Ahora bien, su posición de privilegio tiene aspectos inhóspitos, incómodos y angustiantes ya que el espectador tiene que asumir en todo momento y personalmente el reto de dar respuesta por sí mismo a la profanación que experimenta. Cuidadosamente se le niega cualquier indicación y no hay dispuesta convenientemente ninguna guía para que encuentre rápidamente hacia dónde dirigirse, que es el gran truco que sutilmente dispone el mundo cinematográfico hegemónico.
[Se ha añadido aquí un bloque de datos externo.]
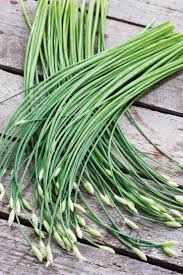 Image result for Schnittknoblauch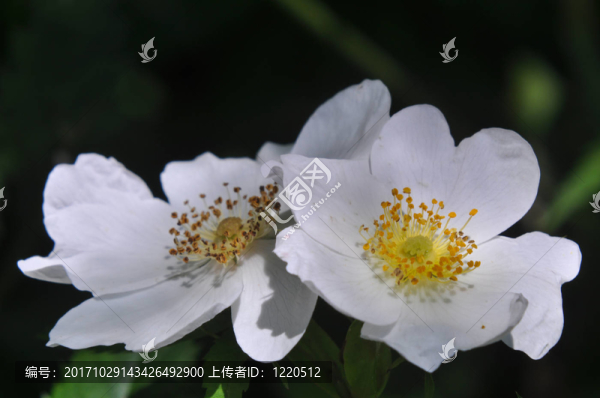 花園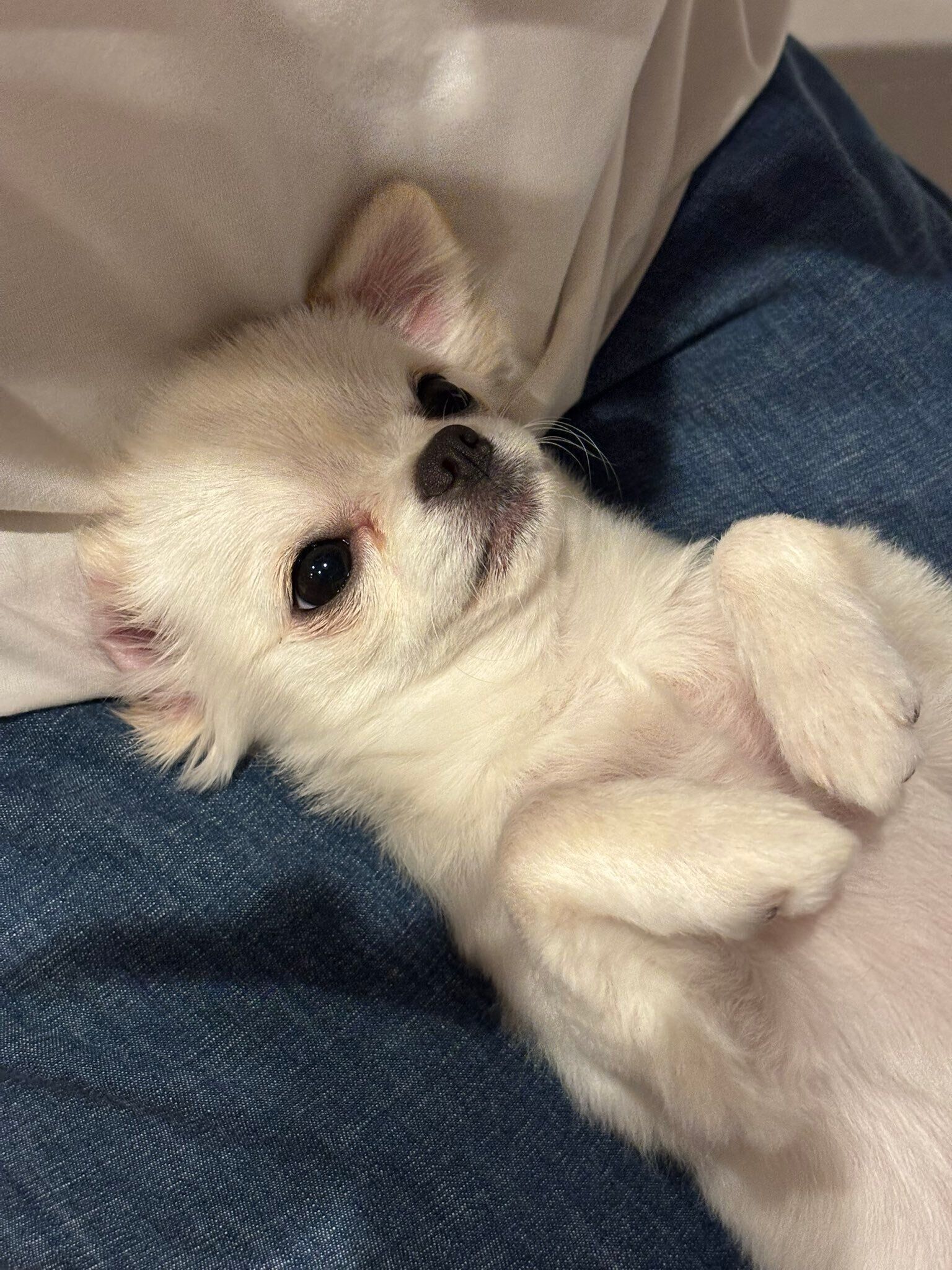 飼い主さんに甘えるなたりーちゃん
Tenemos antecedentes de esas estrategias estéticas en DADA, el surrealismo, las catacumbas pop-art de Studio 54 y The Factory de Andy Warhol, o en la “fiesta postmoderna”. Por eso, aunque la tecnología digital le dio un impulso decisivo, ya antes de ella existían teorizaciones, prácticas y formas alternativas de producir, tratar y conceptualizar la imagen en movimiento.

Superado el primer rechazo basado nostálgicamente en la pretendida superioridad de las viejas tecnologías, lo digital parecía la gota que colmaría definitivamente el vaso y abriría a una nueva hegemonía estética, libérrima y basada en el riesgo. No obstante, apareció un importante bloqueo, que detecta agudamente Albert Serra, con la serie de crisis económico-financieras del 2007-2010 y la austeridad que se implantó desde ellas hasta hoy.

Ciertamente, ello no hizo ociosa ni terminó la guerra de los mundos, en el cine, pero sí que la prolongó llevándola a una vía más lenta que la Blitzkrieg inicial. Y nos instaló en la fangosa guerra total actual donde las trincheras de Verdún están en todas partes sin excepción. Por eso tendremos que acostumbrarnos a que películas como Jeanne Dielman pasen a disputar los puestos privilegiados del cine, ni más ni menos, que a Vértigo, Ciudadano Kane o El ladrón de bicicletas.